As with any investment market, there are advantages and disadvantages of a rising and a falling market.

When property prices are rising, buy to let investors benefit from increased capital growth as house prices go up and tenant demand tends to grow as fewer tenants can afford to purchase. The downside for buy to let investors is that the cost of buying a property also rises and typically as rents grow more steadily over time than house prices, rent increases rarely keep up with increased investment costs. This results in buy to let returns tending to decrease.

The credit crunch changed the housing market in two main ways. Firstly, those that wanted to buy found they were unable to secure lending at a reasonable interest rate, and more importantly had to put down much larger deposits, such as 15-25% instead of 5-10%. This meant that even if people wanted to buy a home they didn't have the cash, so they had to rent or stay at home.

Secondly, with a fall in demand for residential property, prices started to slip and with all the bad news about banks and a pending recession, those that could still afford to buy decided to hold off. This led to further bad news about falls in property prices, people continued to delay buying and prices continued to fall and are likely to do so, until confidence and more flexible lending comes back into the market.

For the Lettings Market this initially gave the market a boost. From 2006 through to 2007, a slight oversupply in some areas had caused rental returns to fall to 4-6%. Meanwhile rising interest rates meant you could secure a 7-8% return by leaving your money in the bank. With the credit crunch driving down interest rates to 1.5% in December 2008 and now down to an all time low of 1%, even 4-6% returns makes buy to let a more attractive investment!

From the latter part of 2007 to the end of September 2008, rental demand shot through the roof.  People couldn't afford to purchase properties or were too frightened to, so they continued to rent or went into rented accommodation rather than bought. This led to a general rise of 10% in rental income - more in some areas, slightly less in others - providing a great financial boost to buy to let investors and letting agents.


However by October 2008, things started to change again. The volume of properties being let was still higher than the previous year (in most areas), however frustrated sellers, often courted by estate agents who were quickly turning to lettings to boost their flagging income, put their homes up for rent so they could move on.

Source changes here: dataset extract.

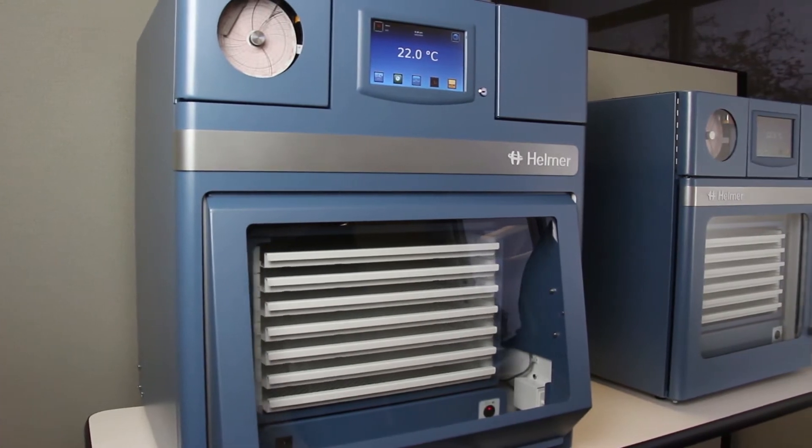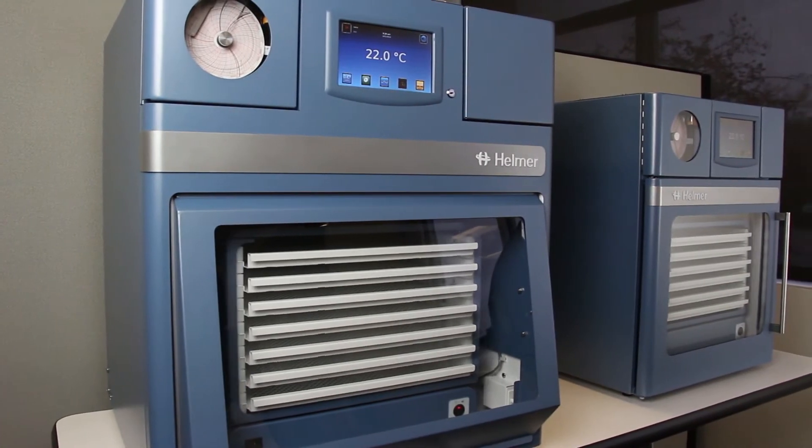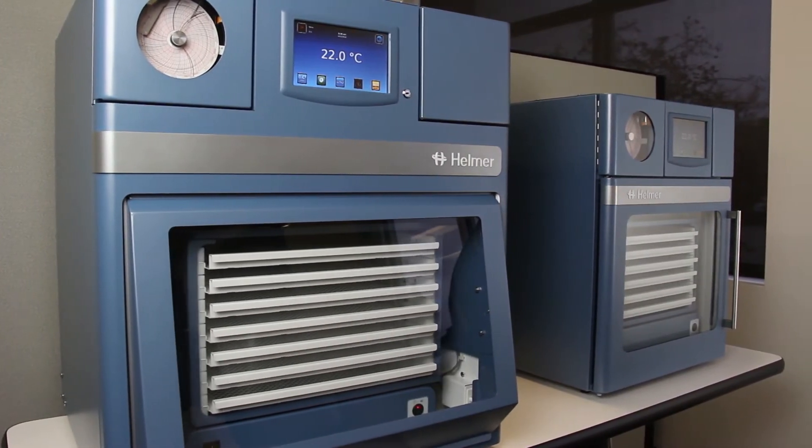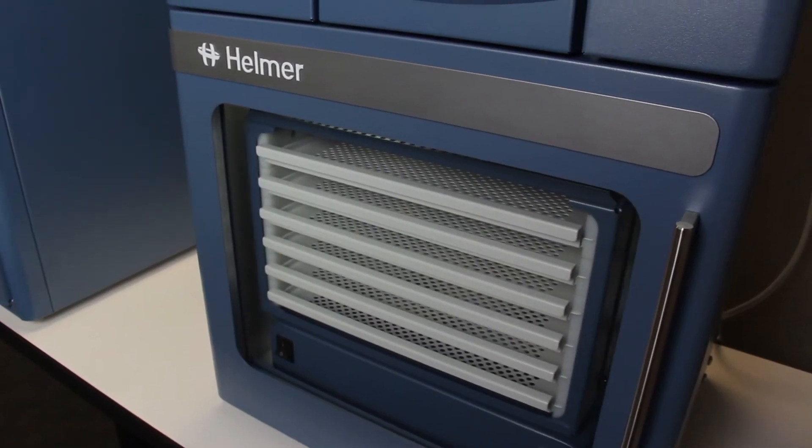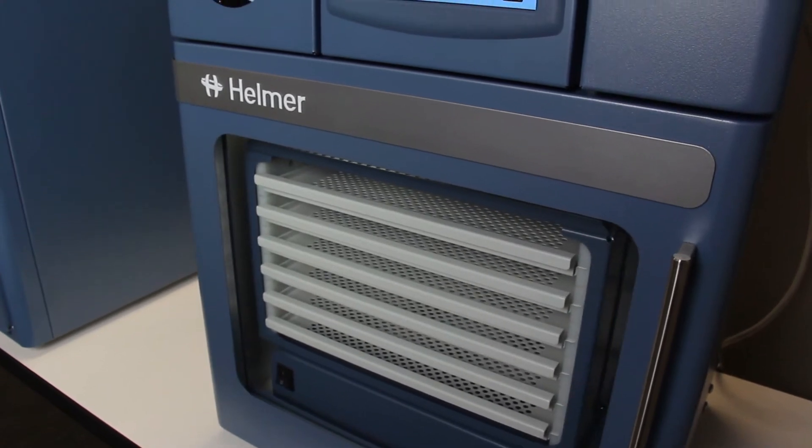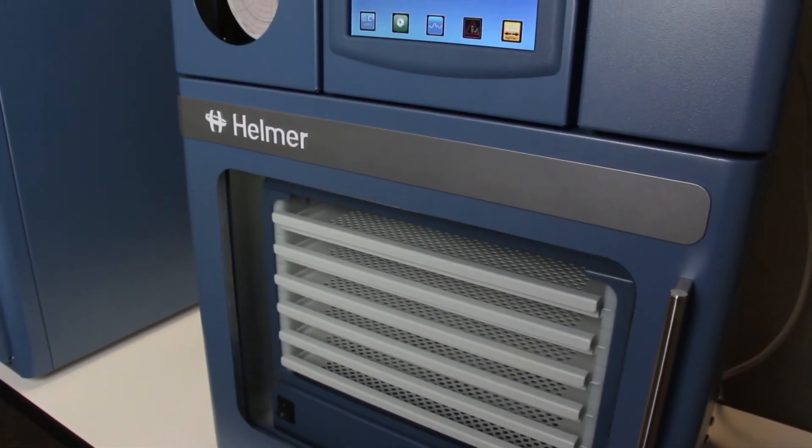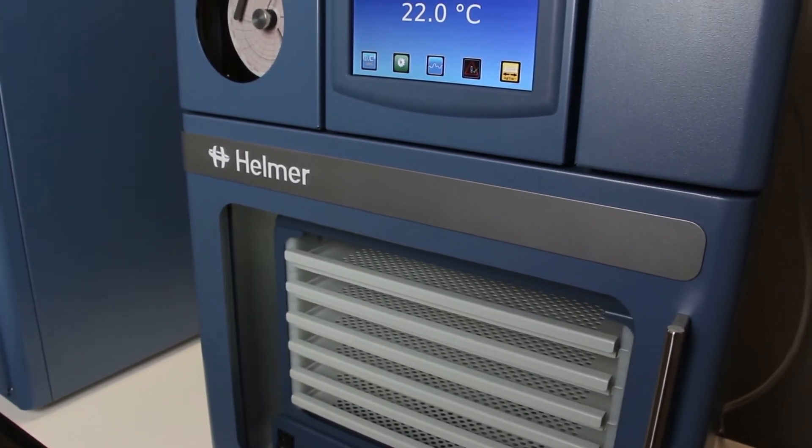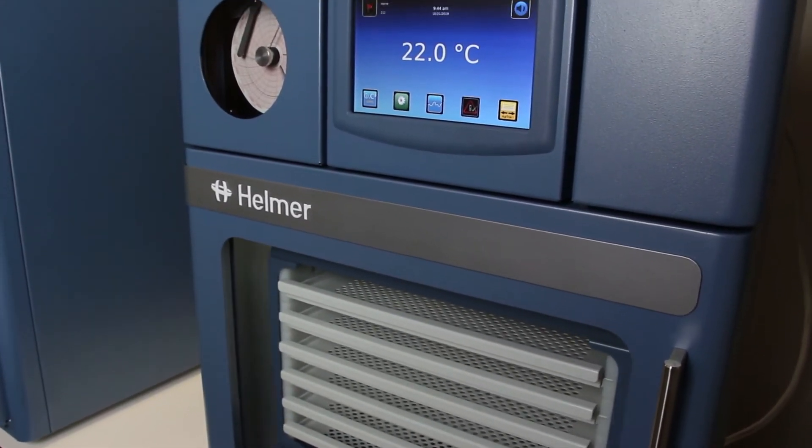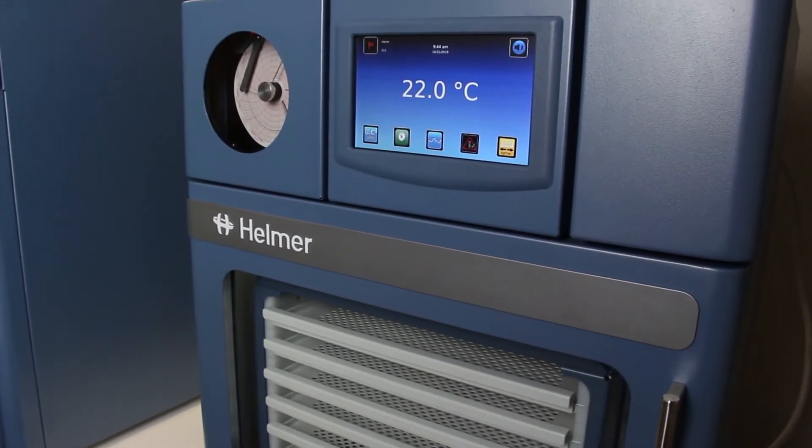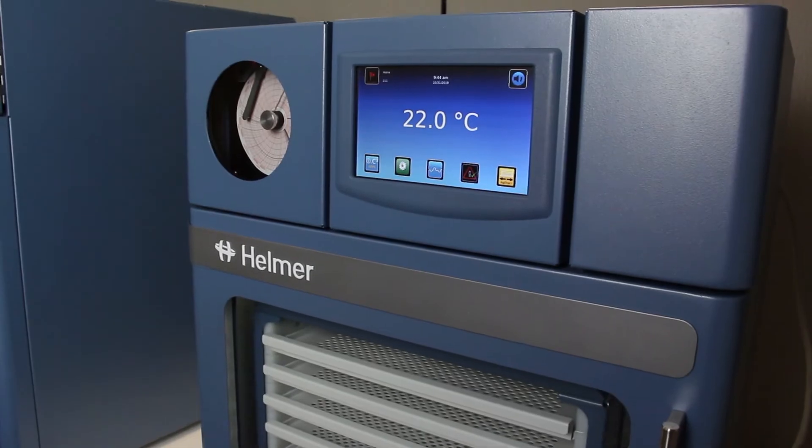ProLine countertop platelet storage systems from Helmer Scientific leverage innovative technology to create a system that provides reliable, efficient, and sustainable performance.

This, for many areas, tipped them into oversupply again, and although the number of lets were going up, suddenly buy to let landlords were competing with homeowners desperate to rent their property. Rental prices fell back and only the properties in the best areas, with the best value price tag were let.

In 2009, tenant demand is generally up and good value properties in good condition, in good areas are still renting at good prices. Those that hold out for too high a rent or have properties in not such good condition will struggle to let. Another issue that is on the increase as we head into recession is the rise in unemployment which will increase the number of tenants defaulting on their rent, so it is worth considering protecting against this.

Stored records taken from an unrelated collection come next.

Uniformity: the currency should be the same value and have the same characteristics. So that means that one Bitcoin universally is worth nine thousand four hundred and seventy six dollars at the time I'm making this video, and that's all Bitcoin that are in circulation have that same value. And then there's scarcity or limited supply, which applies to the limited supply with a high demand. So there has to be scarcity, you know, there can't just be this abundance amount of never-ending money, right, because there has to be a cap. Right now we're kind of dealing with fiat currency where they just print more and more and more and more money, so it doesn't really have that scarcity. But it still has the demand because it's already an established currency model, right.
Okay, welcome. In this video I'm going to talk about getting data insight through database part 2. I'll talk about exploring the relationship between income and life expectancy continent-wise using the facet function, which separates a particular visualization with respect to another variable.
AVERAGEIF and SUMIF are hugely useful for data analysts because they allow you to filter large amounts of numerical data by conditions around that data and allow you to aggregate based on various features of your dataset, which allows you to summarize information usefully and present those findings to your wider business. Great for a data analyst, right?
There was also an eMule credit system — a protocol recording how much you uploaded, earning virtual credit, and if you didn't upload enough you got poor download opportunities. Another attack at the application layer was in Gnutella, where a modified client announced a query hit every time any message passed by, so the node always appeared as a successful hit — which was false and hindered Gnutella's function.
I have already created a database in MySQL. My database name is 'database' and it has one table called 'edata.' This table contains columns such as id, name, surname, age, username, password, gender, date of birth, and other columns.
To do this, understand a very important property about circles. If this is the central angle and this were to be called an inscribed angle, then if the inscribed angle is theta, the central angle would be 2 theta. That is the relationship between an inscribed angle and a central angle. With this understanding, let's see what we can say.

The biggest difference in 2009 though, is that those buy to let investors who have the cash to buy property are starting to see the benefits of a falling housing market. Properties that were out of their price range are now becoming extremely good value for money, with reports of desperate sellers selling property at up to 50% below its current (low) market value. This allows investors to snap up bargain properties that when the market turns, will benefit from some great capital growth and help to boost those all important rental returns.